Dall'amara vicenda di una regina (Salma Hayek) che mangia il cuore di un drago per avere un erede alla storia di due sorelle che provocano la passione di un Re (Vincent Cassel) a quella di un altro Re ossessionato invece da una pulce gigante: tre differenti storie che intrecciano il fantastico con il grottesco, ispirate e liberamente riadattate da Lu cunto de li cunti, il seicentesco capolavoro diGiambattista Basile, emblema e apice della letteratura barocca Italiana.

 

Con il suo Youth (La giovinezza), Sorrentino non è certo da meno, almeno in quanto a in quanto a Star, del collega romano.

 

Michael Caine, Harvey Keitel e Jane Fonda, impersonano tre amici di vecchia data, ottuagenari ancora in piena attività, che discutono sul loro passato e sull’agiato presente.

 

In Mia Madre, Nanni Moretti dirige il suo alter ego al femminile, nel caso Margherita Buy, nel ruolo di una regista in crisi professionale, genitoriale e filiale.
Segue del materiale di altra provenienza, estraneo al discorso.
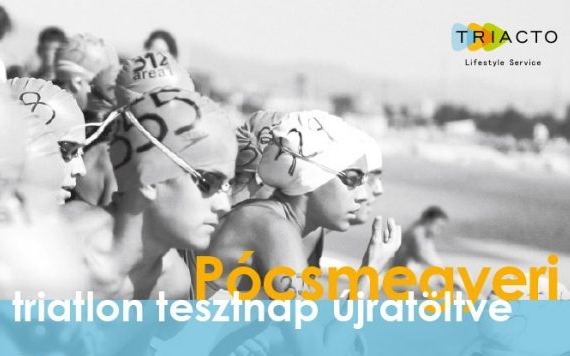 Pócsmegyeri Triatlon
Nel cast uno scatenato John Turturro e una magistrale, come di consueto quando si presta al cinema, Giulia Lazzarini.

 

 

Aconferma della permanenza del cinema d’autore ungherese al più alto livello mondiale di questi ultimi anni, facendo seguito al Cavallo di Torino di Béla Tarr (Orso d’argento a Berlino nel 2011), a Kornél Mundruczó  con il suo Feher Isten (premiato a Cannes 2014) e a Gabor Reisz con Per qualche inesplicabile ragione (premio della Giuria al Torino Film Festival dello stesso anno), arriva sulla Croisette Laszlo Nemes.

 

Nato a Budapest nel 1977 ma cresciuto professionalmente a Parigi a 38 anni è al suo debutto nel lungometraggio e concorre alla Palma d'Oro con Saul Fia (il figlio di Saul),un film che affronta la Shoah in maniera inedita.

 

E’ il racconto di due giorni ad Auschwitz di un ebreo ungherese facente parte di un gruppo speciale di prigionieri, i Sonderkommando, isolati dagli altri e costretti ad aiutare i tedeschi nello sterminio della sua gente. Mentre lavora alla cremazione, Saul scopre in un forno il corpo di un ragazzo che crede essere suo figlio. Farà di tutto per trovare un rabbino, portarlo via e dargli una degna sepoltura.

 

 

Affermatosi con i suoi tre cortometraggi, i pluripremiati With a Little Patience (con un po’ di pazienza)nominato all’European Film Award 2008, The Counterpart (la controparte) e The Gentleman Takes His Leave (il signore si congeda) premio della regia e della fotografia all’Hungarian Film Week 2010, Nemes è poi stato tra l’altro assistente alla regia di Bela Tarr per L'uomo di Londra (2007).

 

Dice del suo film: "Io non volevo dare troppi messaggi ma focalizzarmi su un qualcosa di molto preciso. 500mila ungheresi sono stati uccisi in poche settimane nel '44. Io credo che quello che è accaduto non si possa dimenticare. Il passato è ancora vivo, gli ungheresi vivono ancora questo trauma".

 

Dunque non l’ennesimo esempio di pur pregevole cinema post sovietico, ma l’ennesimo segnale della ormai avvenuta, piena integrazione dei linguaggi cinematografici di tutta quella che, nonostante l’Unione ormai pluridecennale, continuiamo a chiamare Est- Europa.

 

Il Cinema di qualità, per fortuna, va avanti e oltre.